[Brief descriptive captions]
---------------
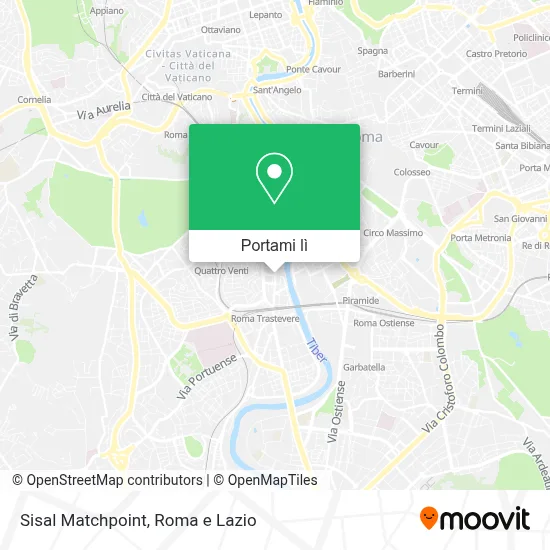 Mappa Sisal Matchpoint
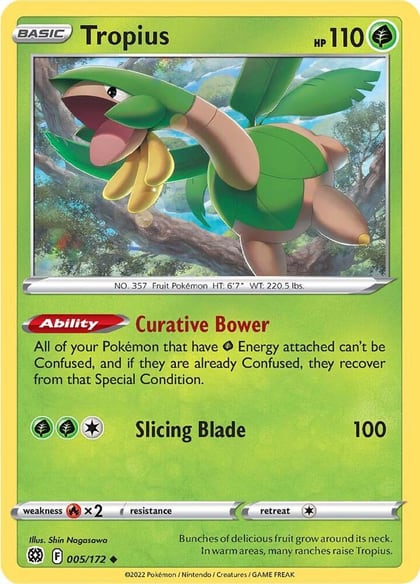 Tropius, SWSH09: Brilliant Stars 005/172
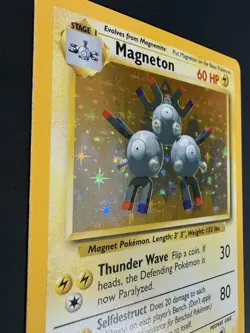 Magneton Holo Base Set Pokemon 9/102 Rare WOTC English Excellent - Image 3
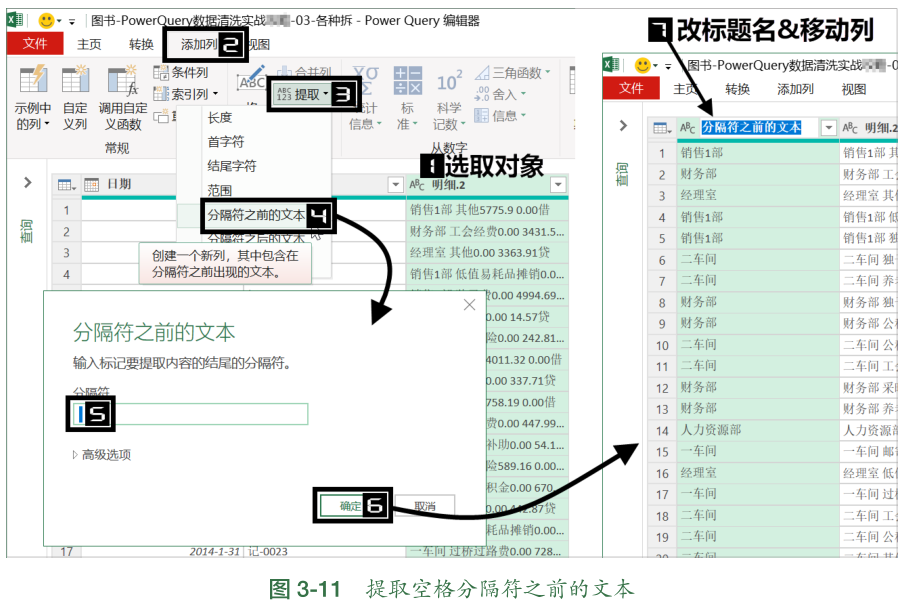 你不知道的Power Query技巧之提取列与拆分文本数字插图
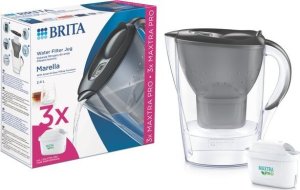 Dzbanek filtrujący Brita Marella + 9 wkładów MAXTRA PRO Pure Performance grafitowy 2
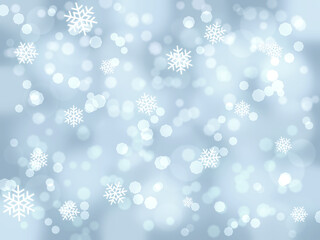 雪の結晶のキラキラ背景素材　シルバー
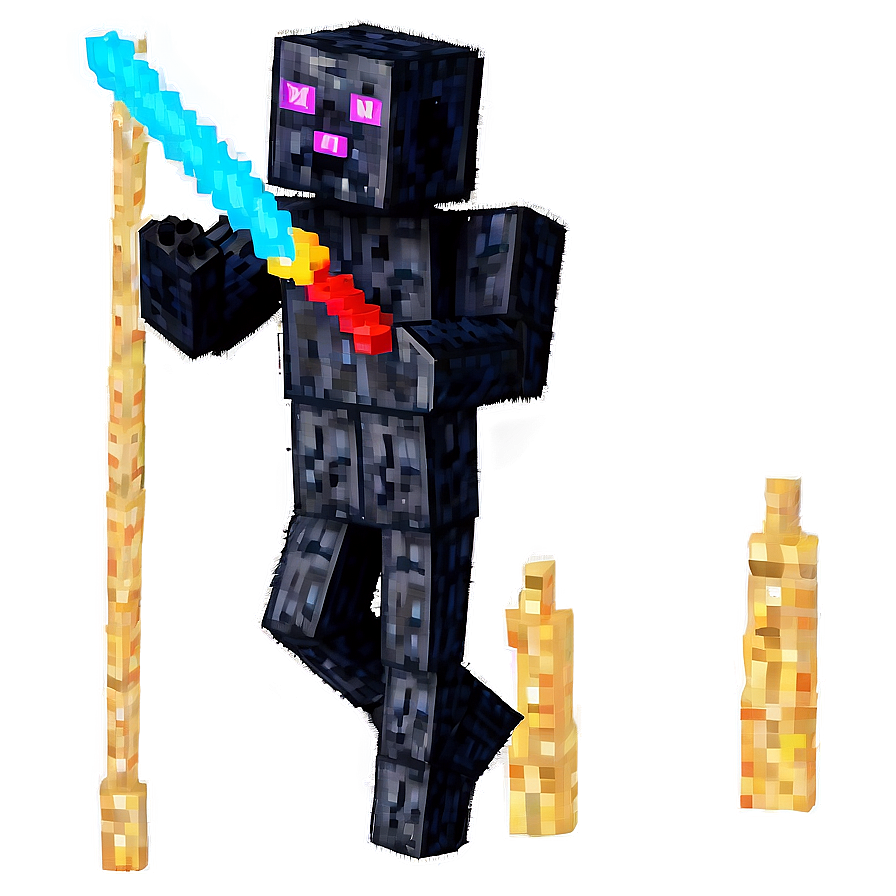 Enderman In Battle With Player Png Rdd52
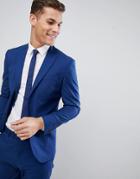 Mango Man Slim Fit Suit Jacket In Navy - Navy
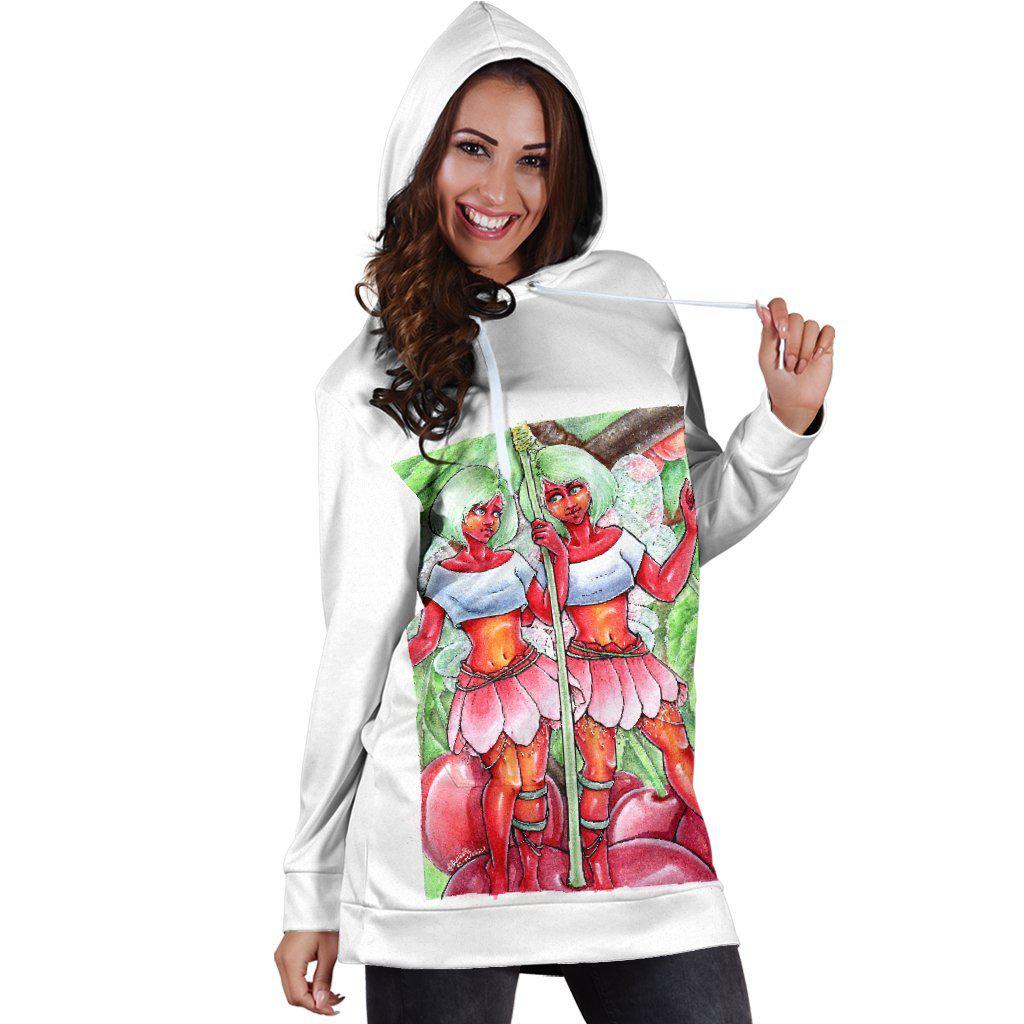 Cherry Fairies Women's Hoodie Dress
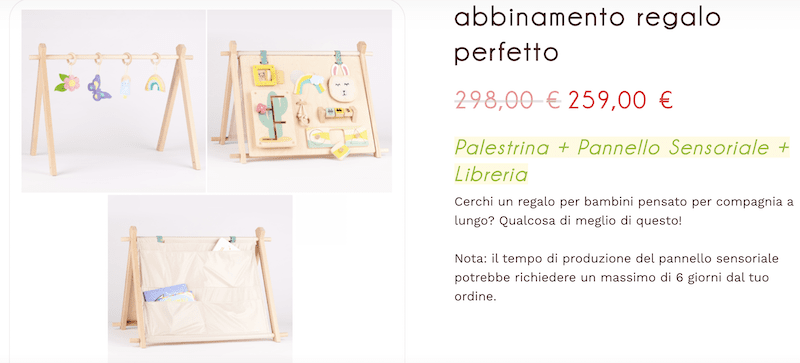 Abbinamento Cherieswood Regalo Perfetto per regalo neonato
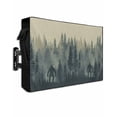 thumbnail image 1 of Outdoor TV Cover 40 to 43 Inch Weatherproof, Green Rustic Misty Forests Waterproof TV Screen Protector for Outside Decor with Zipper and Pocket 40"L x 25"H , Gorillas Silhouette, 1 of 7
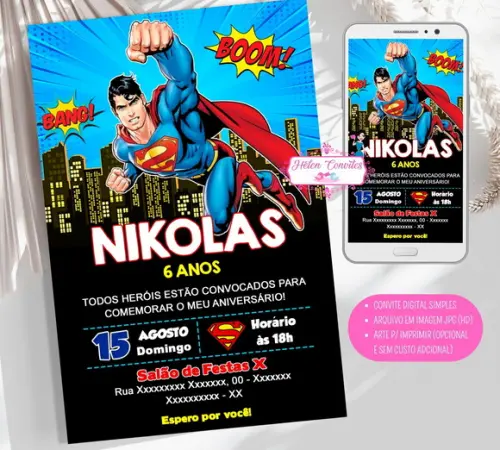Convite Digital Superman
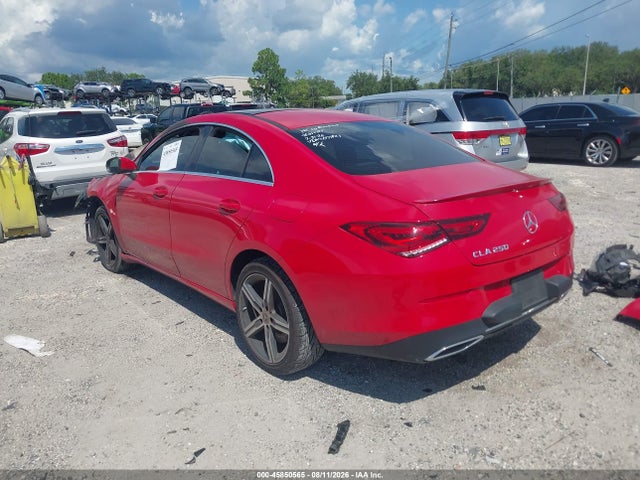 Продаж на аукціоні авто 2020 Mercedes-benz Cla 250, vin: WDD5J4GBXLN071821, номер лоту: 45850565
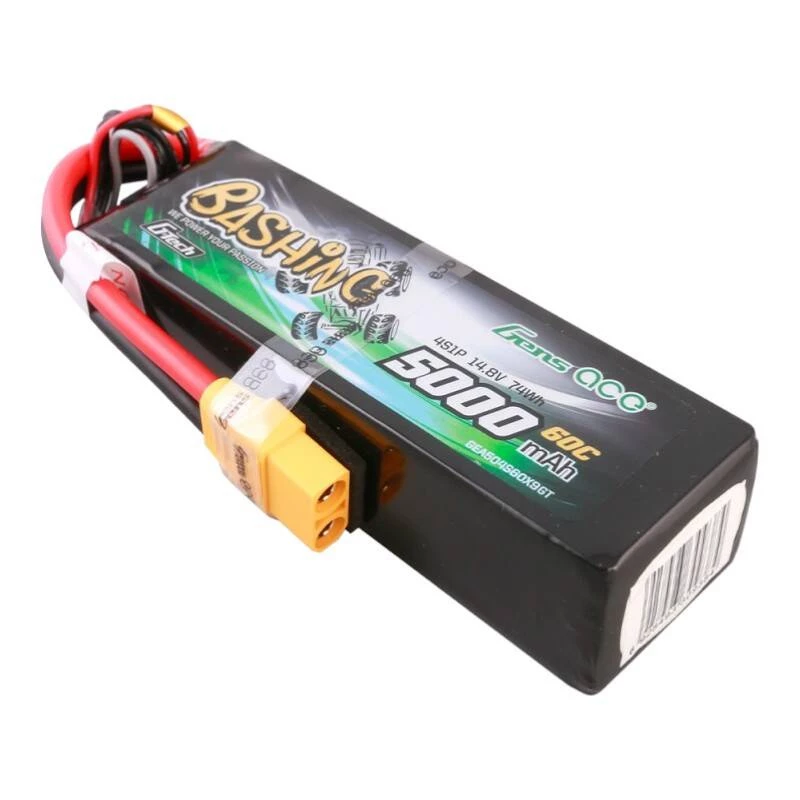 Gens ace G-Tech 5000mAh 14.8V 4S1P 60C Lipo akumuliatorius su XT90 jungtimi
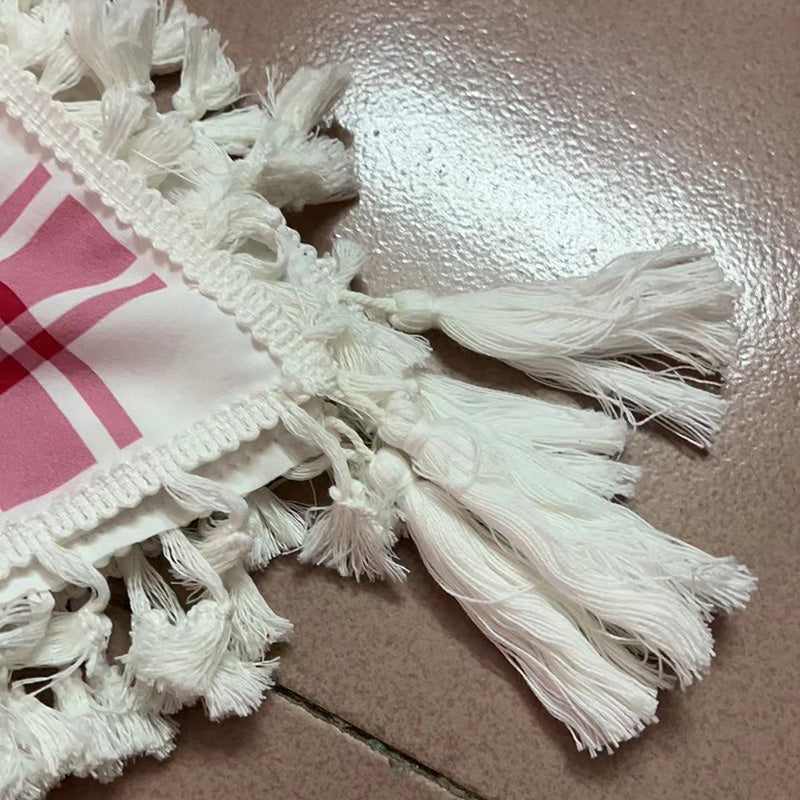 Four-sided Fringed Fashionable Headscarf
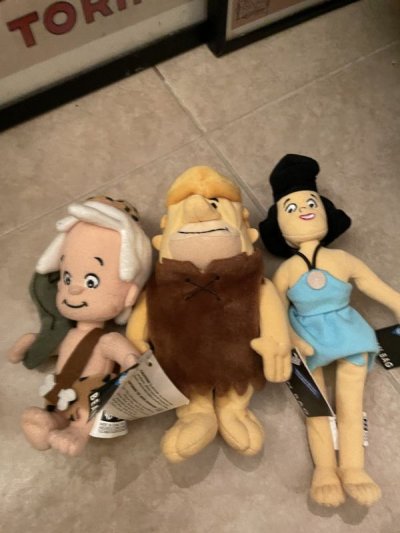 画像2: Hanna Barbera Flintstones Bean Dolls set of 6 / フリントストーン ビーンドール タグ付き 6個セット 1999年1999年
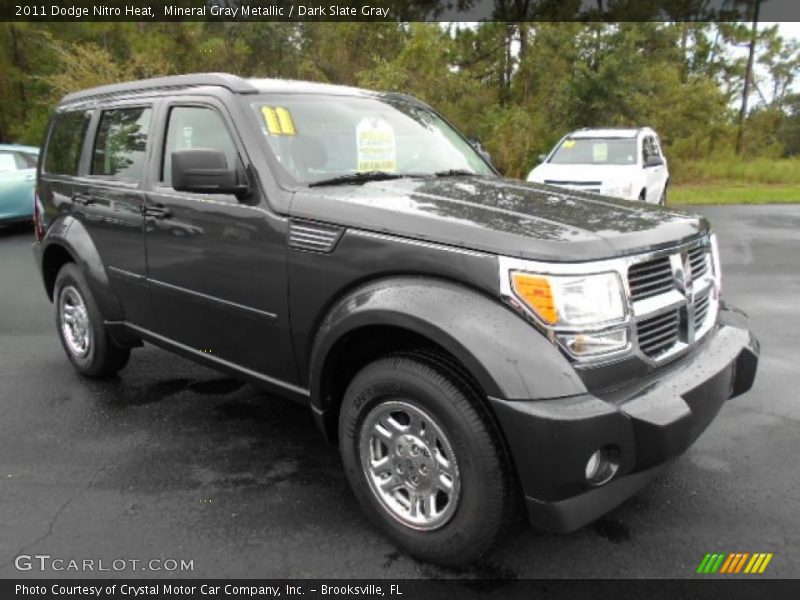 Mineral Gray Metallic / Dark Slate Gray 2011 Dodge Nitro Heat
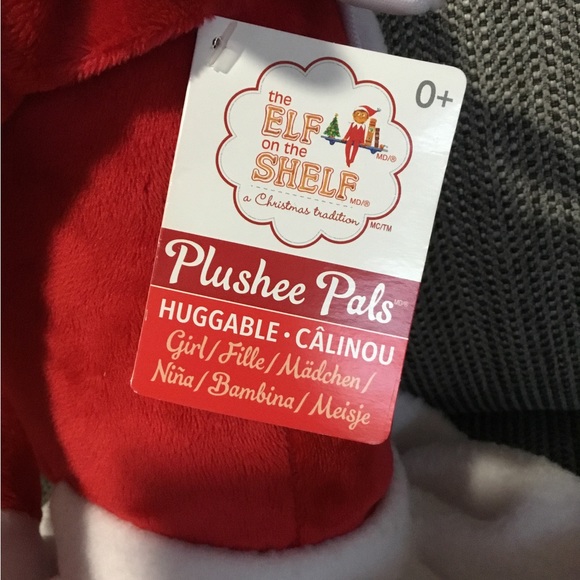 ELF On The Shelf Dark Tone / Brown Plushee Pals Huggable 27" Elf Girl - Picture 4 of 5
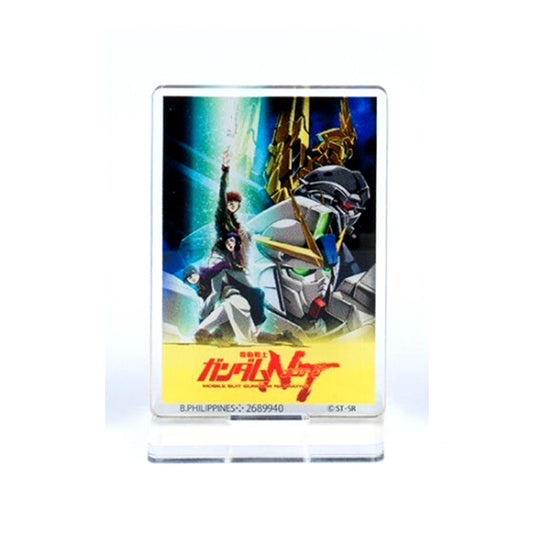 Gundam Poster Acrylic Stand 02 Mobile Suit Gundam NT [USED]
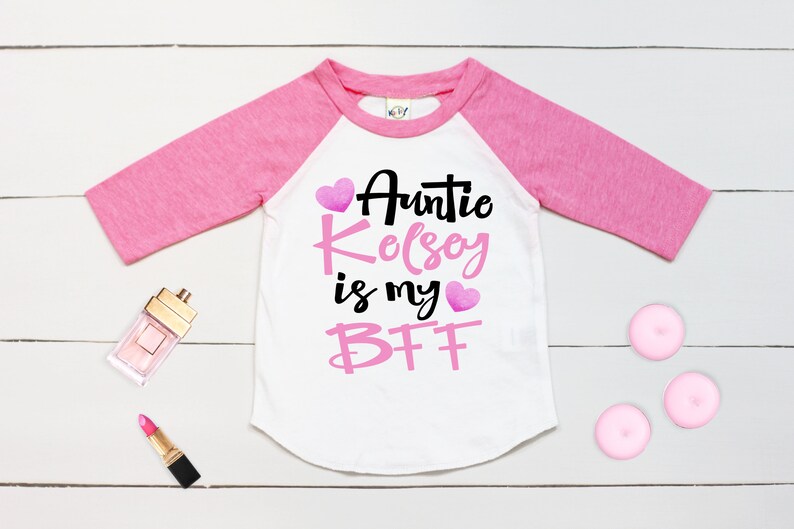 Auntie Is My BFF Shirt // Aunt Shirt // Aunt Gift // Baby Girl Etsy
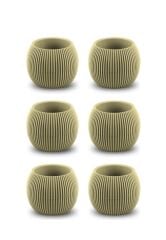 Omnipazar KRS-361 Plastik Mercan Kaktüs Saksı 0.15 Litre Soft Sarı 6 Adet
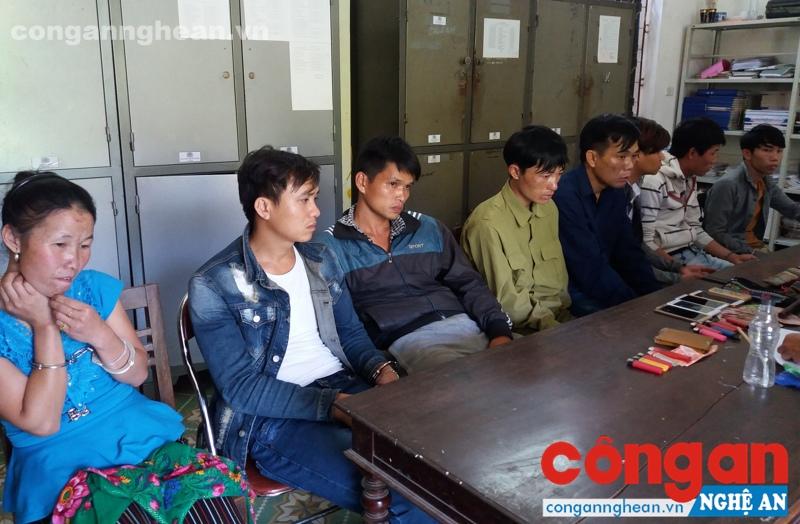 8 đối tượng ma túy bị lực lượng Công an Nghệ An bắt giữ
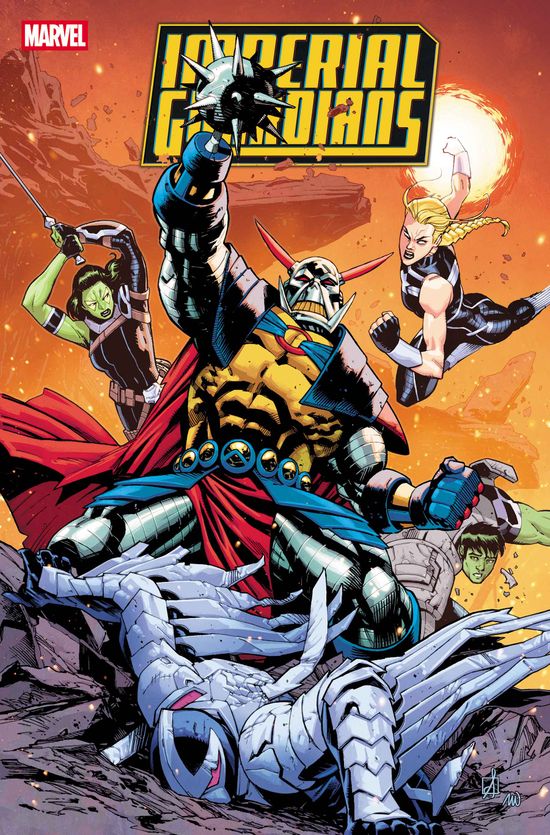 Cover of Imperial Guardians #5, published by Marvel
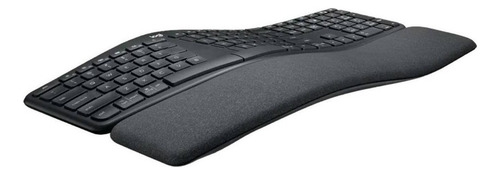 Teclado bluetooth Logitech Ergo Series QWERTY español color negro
---------------
• Problem
Only the lines from the one that contains "Mango Man Slim" to the end of the records, inclusive, are to be quoted exactly, with pictures excluded.

• Output below
 Mango Man Slim Fit Suit Jacket In Navy - Navy
 Cherry Fairies Women's Hoodie Dress
 Abbinamento Cherieswood Regalo Perfetto per regalo neonato
 thumbnail image 1 of Outdoor TV Cover 40 to 43 Inch Weatherproof, Green Rustic Misty Forests Waterproof TV Screen Protector for Outside Decor with Zipper and Pocket 40"L x 25"H , Gorillas Silhouette, 1 of 7
Convite Digital Superman
 Продаж на аукціоні авто 2020 Mercedes-benz Cla 250, vin: WDD5J4GBXLN071821, номер лоту: 45850565
 Gens ace G-Tech 5000mAh 14.8V 4S1P 60C Lipo akumuliatorius su XT90 jungtimi
 Four-sided Fringed Fashionable Headscarf
 画像2: Hanna Barbera Flintstones Bean Dolls set of 6 / フリントストーン ビーンドール タグ付き 6個セット 1999年1999年
 Mineral Gray Metallic / Dark Slate Gray 2011 Dodge Nitro Heat
 ELF On The Shelf Dark Tone / Brown Plushee Pals Huggable 27" Elf Girl - Picture 4 of 5
 Gundam Poster Acrylic Stand 02 Mobile Suit Gundam NT [USED]
 Auntie Is My BFF Shirt // Aunt Shirt // Aunt Gift // Baby Girl Etsy
 Omnipazar KRS-361 Plastik Mercan Kaktüs Saksı 0.15 Litre Soft Sarı 6 Adet
 8 đối tượng ma túy bị lực lượng Công an Nghệ An bắt giữ
 Cover of Imperial Guardians #5, published by Marvel
 Teclado bluetooth Logitech Ergo Series QWERTY español color negro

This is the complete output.